The typical electrolyte for LiBs is made of a flammable carbonate-based organic solvent such as ethylene carbonate (EC), dimethyl carbonate (DMC), diethyl carbonate (DEC), and ethyl methyl carbonate (EMC), and/or propylene carbonate (PC) , with additives including lithium hexafluorophosphate (LiFP6), lithium hexafluoroarsenate monohydrate (LiAsF6), lithium perchlorate (LiClO4), and lithium tetrafluoroborate (LiBF4) to improve cycling .
–Review of lithium-ion battery fire suppression.
Electrolytes are being researched and are a matter of concern because they are the flammable ingredient in lithium-ion batteries. The electrolytes can catch fire, That’s why RTIL, Room Temperature Ionic Liquids are being researched, to be used as the solvent in the electrolytes.
Separator
The separator is the physical barrier that prevents the direct flow of the electrons of the anode and cathode. It keeps the anode and cathode separate and, allows only ions to pass through it.
The separator can be said partially permeable as they only allow the ions only. The separator in lithium-ion batteries is made up of permeable polymer membranes, which are usually Poly ethylenes or Poly-propylene. The separator is an important factor in the safety of a lithium-ion battery.
The separator is an essential and extremely important component of the lithium-ion battery. To perform the internal working of the electric car battery and to make it safe, the separator is important.
The function of the operator is to prevent direct contact between the anode and cathode. This prevents sudden short-circuit and thus makes the working of the battery safe. In case of accidents, if the separator is damaged, student fire can cause. So a separator is important.
All these components, anode, cathode, separator, and electrolytes make up one lithium-ion unit of the lithium-ion battery. These individual lithium-ion cells are arranged and packed in order to function as a battery. Other than these components the lithium-ion battery is also connected to a dedicated circuit in the electric vehicle.
This is how electric vehicle batteries are packed. | Different stages of the electric vehicle battery structure
The electric vehicle battery is a bulky, heavy battery pack that fits into the vehicles. But Do you know how it forms? The small units of the battery combine to form the electric vehicle battery pack and that’s what we see.

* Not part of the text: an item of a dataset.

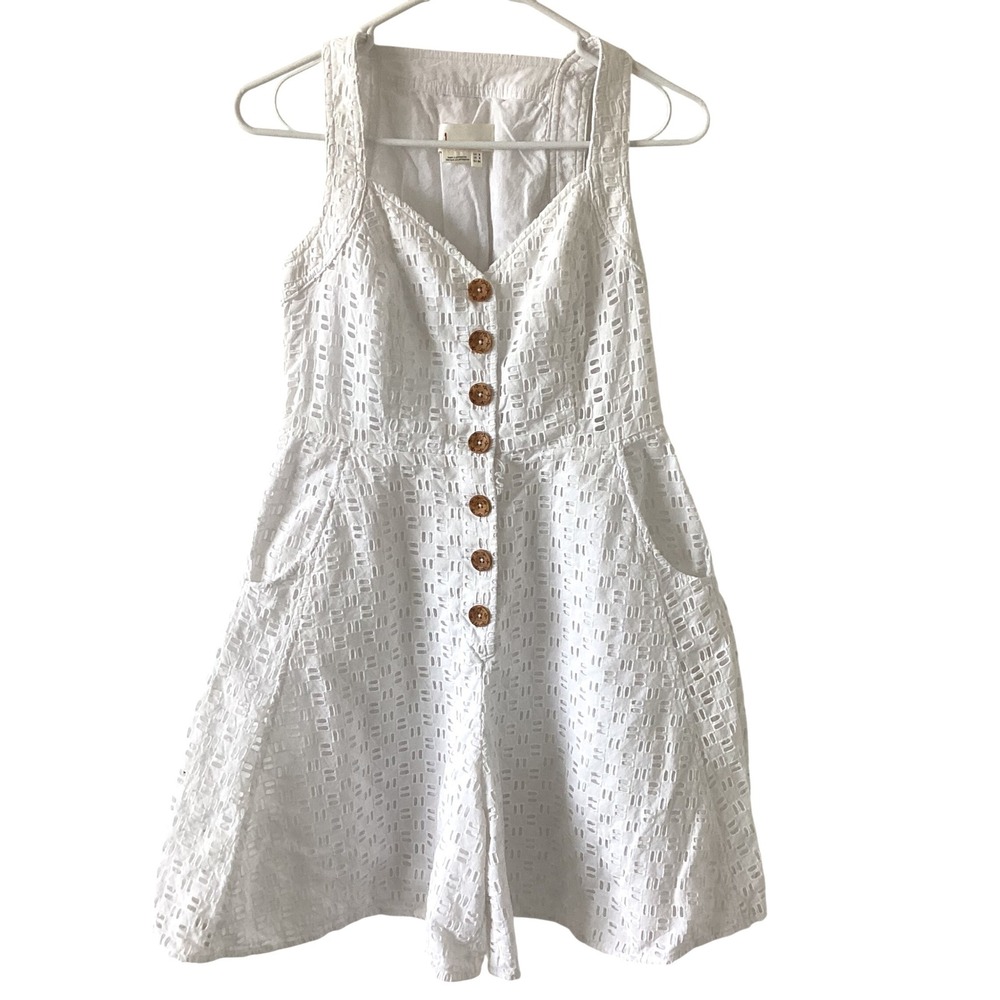 Anthropologie White Eyelet Cotton Button Front Romper Pockets Size 2 - Picture 1 of 12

And that’s why we can say that the lithium-ion batteries used in electric vehicles are different from normal lithium-ion batteries. The Battery pack of the lithium-ion battery in an electric vehicle can be divided structurally into three stages or parts. And at every stage, the battery is usable and can be used in various applications. The three stages are the Battery cell, battery module, and then battery pack.
The complete structure of the Electric car battery| Structure of the Electric car Lithium Ion Battery
The battery in electric vehicles is not just made up of one lithium-ion cell. Instead, a number of such cells are packed together. . There are various stages of an electric vehicle battery structurally, and at each stage, it can be said to be a battery and can be used for different applications. The electric vehicle battery can be divided into three stages.
- Battery cell
- Battery Module
- Battery Pack
Battery cell
A battery cell is the basic unit of a lithium-ion battery or any other electric vehicle battery. The cells are made up of the anode, cathode, separator, and electrolytes as we discussed above. These all cells can combine further to produce the next stage of electric vehicle batteries.

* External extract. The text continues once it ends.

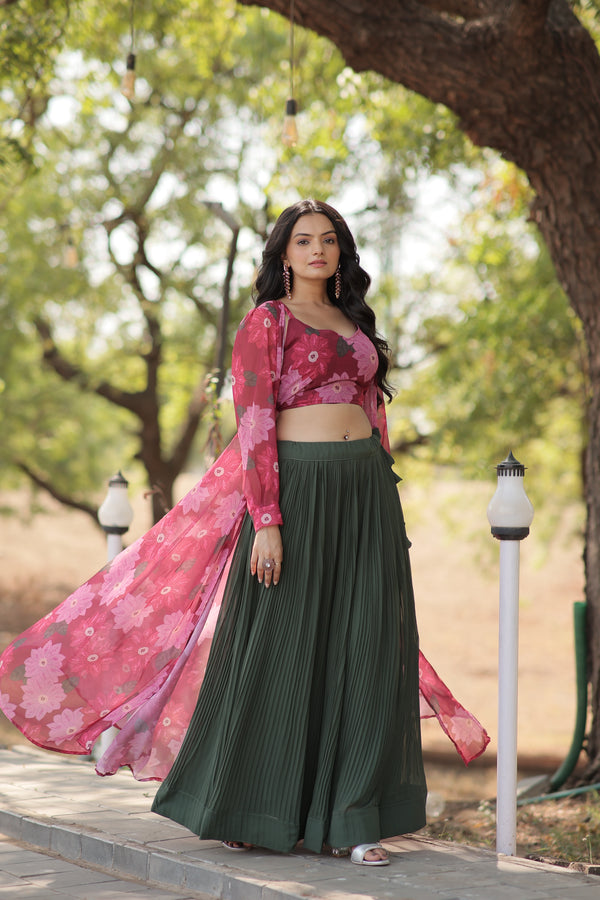 Premium Green Lehenga Choli with Shrug - Digital Flower Print & Crush Pleating - 2024 Collection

Battery cells can be said as the first stage of the formation of the battery pack in the electric vehicle. They can be said as the basic functional unit of the battery pack, as same as a cell is to the human body. The Lithium-ion battery cell is made up of the cathode, anode, electrolytes, and separator. That’s what we have just discussed above in the structure of the electric vehicle battery.
Battery module
The battery module is made up of multiple battery cells packed together, arranged in a series or parallel, or both manner, in the same housing frame. Basically, a number of battery cells combine to form a battery module.
In the specifications of the various electric car battery pack, you might have seen the word module. The modules are nothing but a number of battery cells that come together in a specific way. Then these battery modules combine to form the next stage of the battery.
Battery pack
The battery pack is made up of several battery modules packed together along with the BMS and other systems. The battery pack is something we consider a complete Electric car battery. Instead of directly combining the battery cells automakers prefer to combine them into the modules and then combine the modules to form a battery pack.
This is done in order to improve the range and capacity of the battery. And handling modules is way more efficient. This makes the complete structure of the electric vehicle battery pack.
Traditional Vs Structural Battery Pack
Traditional battery packs provide a good frame to the battery and good to provide energy. The Structural battery packs take this to a further level. What is the difference between structural battery packs and traditional battery packs?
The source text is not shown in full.